Evaluation Results Recorder#

Record your evaluation results to W&B (wandb) with wandb_writer.py.

With wandb_writer.py, you can:

visualize the changes of evaluation metrics of your model during the training process
make a leaderboard to compare the metrics of different models

Usage#

python wandb_writer.py --config <config_file> [--print-only]

config_file: path to the configuration file (see Configuration for details)
--print-only: only print the result to command line, do not write to wandb

Configuration#

We provided three example files in config folder for three different cases.

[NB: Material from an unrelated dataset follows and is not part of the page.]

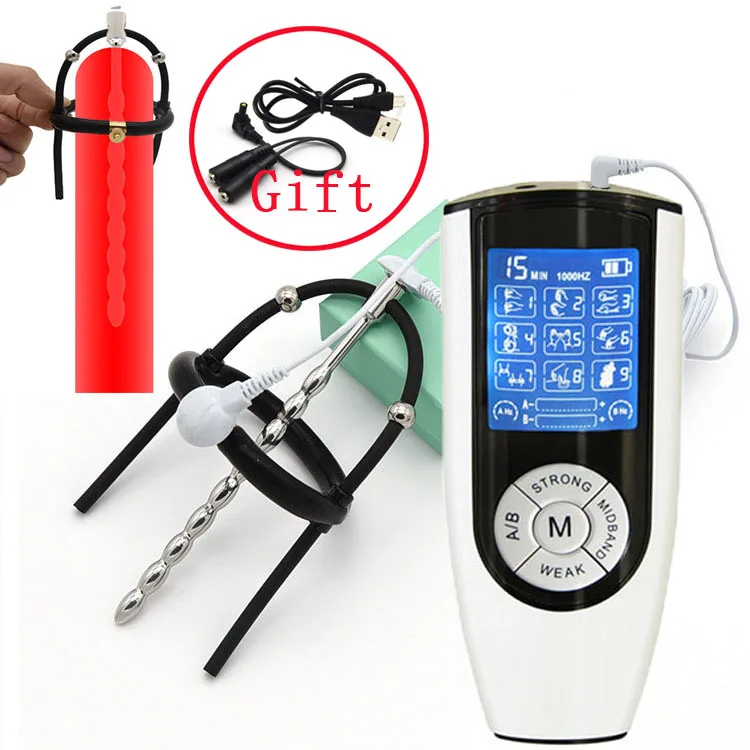 SM Electric Shock Metal Bead Urethral Sound Plug Dilator E-Stim Penis/Glans Ring Prostate Massager Male Gay Medical Sex Product electro sex toys electric sex toys penis rings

The general format is as follows:

project: <str>   # your wandb project name
base_url: <str>  # your wandb instance url
# other specific configuration items

Parse from HELM output#

The following configuration is used to parse evaluation results from HELM output folder and record them to wandb.

# general configurations
# ...

evals:  # evaluations to record
  - eval_type: helm    # only support helm for now
    model_name: <str>  # your model name
    source: helm  # use helm to parse from helm output directory
    helm_output_dir: <your helm output dir path>
    helm_suite_name: <your helm suite name>
    token_per_iteration: <tokens per iteration in billions>
    benchmarks:  # benchmark metrics to be recorded, and below are some examples
      - name: mmlu
        metrics:
          - EM
      - name: boolq
        metrics:
          - EM
      - name: narrative_qa
        metrics:
          - F1
      - name: hellaswag
        metrics:
          - EM
      - ...

We use 16 core metrics of HELM as the default benchmarks if the benchmarks field is not provided, the 16 metrics are as follows:

mmlu.EM, raft.EM, imdb.EM, truthful_qa.EM, summarization_cnndm.ROUGE-2, summarization_xsum.ROUGE-2, boolq.EM, msmarco_trec.NDCG@10, msmarco_regular.RR@10, narrative_qa.F1, natural_qa_closedbook.F1, natural_qa_openbook_longans.F1, civil_comments.EM, hellaswag.EM, openbookqa.EM

Parse from configuration file#

The scores of metrics can be given directly in the configuration file, the following is an example.

# general configurations
# ...

evals:  # evaluations to record
  - eval_type: helm
    model_name: llama-7B  # your model name
    source: file  # use file to parse from configuration
    token_num: 1000
    eval_result:  # evaluation results to be recorded
      mmlu:
        EM: 0.345
      boolq:
        EM: 0.751
      narrative_qa:
        F1: 0.524
      hellaswag:
        EM: 0.747
      ...

Make leaderboard#

The following configuration is used to make a leaderboard.

# general configurations
# ...
leaderboard: True
leaderboard_metrics:  # metrics required for the leaderboard
  - mmlu.EM
  - boolq.EM
  - quac.F1
  - hellaswag.EM
  - ...
excluded_models:   # models that do not participate in the leaderboard
  - <model to exclude>
  - ...

We use 16 core metrics of HELM as the default leaderboard metrics if the leaderboard_metrics field is not provided, the 16 metrics are as same as the default benchmark metrics.